======== Recorded data ========

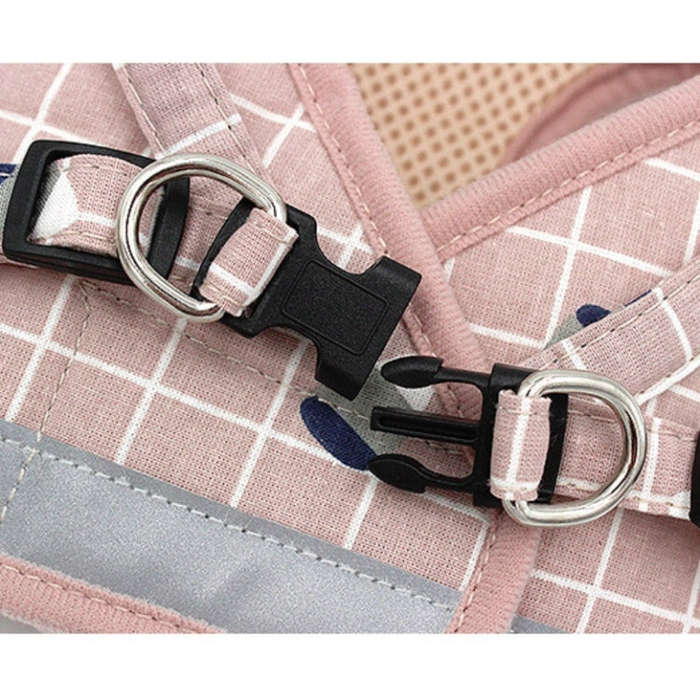Reflective & Breathable Vest Traction Rope Pet Chest Leash, Size:S(Gray Grid)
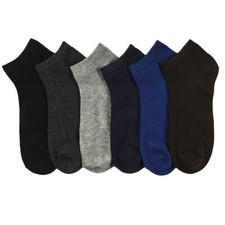 6 12 Pair Men Women Solid Dark Color Ankle Spandex Lowcut Stretch Socks 6-8 9-11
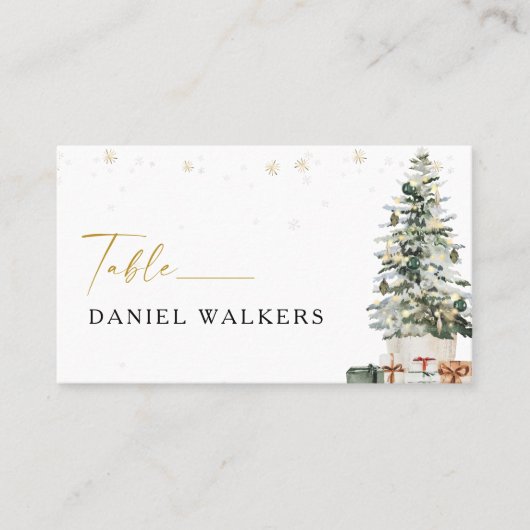 Pine Tree Christmas Wedding Flat Plaatskaartje (Voorkant)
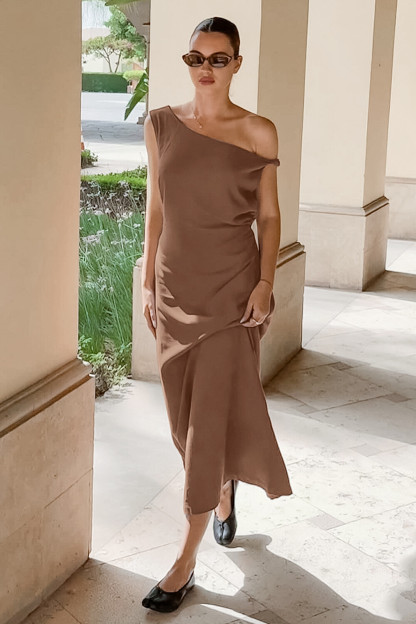 Off Shoulder Skew Neck Sleeveless Solid Color Maxi Dresses-Brown
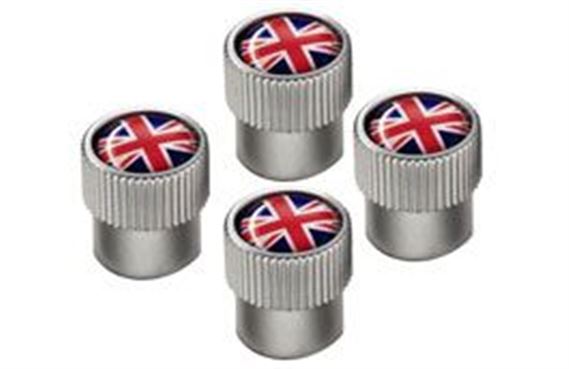 Jaguar Styled Tyre Valve Caps - Union Jack choose Black or Std - Set of 4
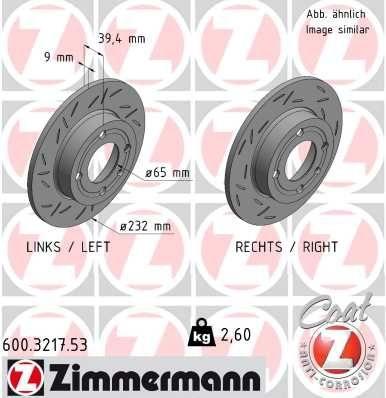 Brake Disc BLACK Z 600.3217.53 Zimmermann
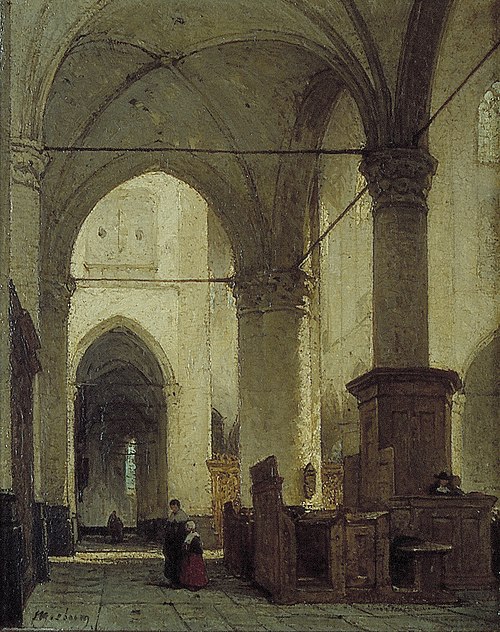 Interior of the Great or St Lawrence's Church in Alkmaar, 1885, Johannes Bosboom
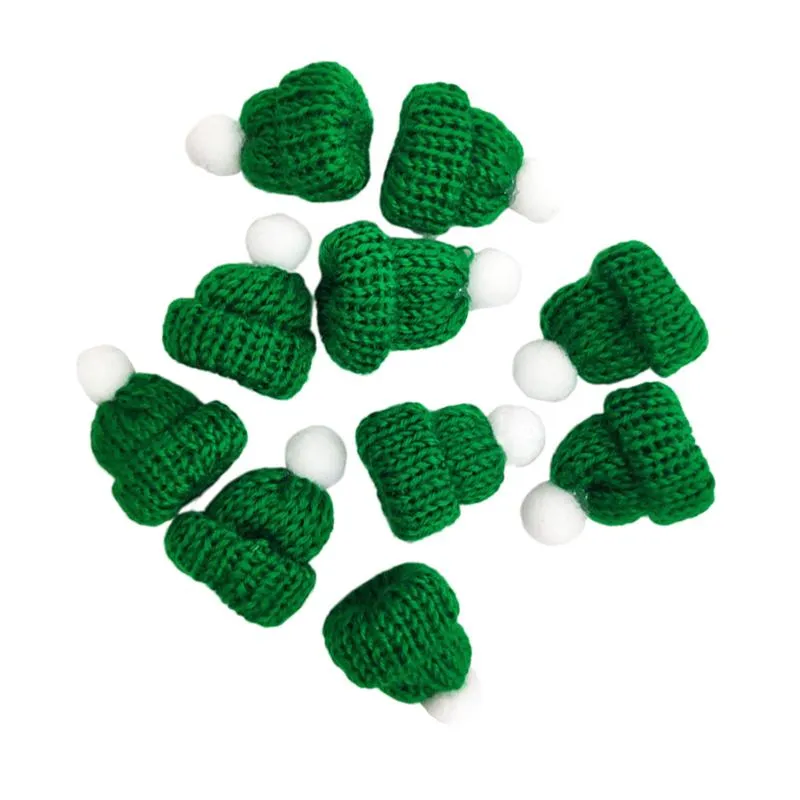 10PCS Knitted Small Christmas Hat Santa Claus Cap Cute Christmas Hats Headdress Party Favors DIY Handmade Accessories Green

========

The required output is every line of the data above, set down exactly and stripped of pictures.

▸ **Finished task**
Reflective & Breathable Vest Traction Rope Pet Chest Leash, Size:S(Gray Grid)
 6 12 Pair Men Women Solid Dark Color Ankle Spandex Lowcut Stretch Socks 6-8 9-11
 Pine Tree Christmas Wedding Flat Plaatskaartje (Voorkant)
 Off Shoulder Skew Neck Sleeveless Solid Color Maxi Dresses-Brown
 Jaguar Styled Tyre Valve Caps - Union Jack choose Black or Std - Set of 4
 Brake Disc BLACK Z 600.3217.53 Zimmermann
 Interior of the Great or St Lawrence's Church in Alkmaar, 1885, Johannes Bosboom
 10PCS Knitted Small Christmas Hat Santa Claus Cap Cute Christmas Hats Headdress Party Favors DIY Handmade Accessories Green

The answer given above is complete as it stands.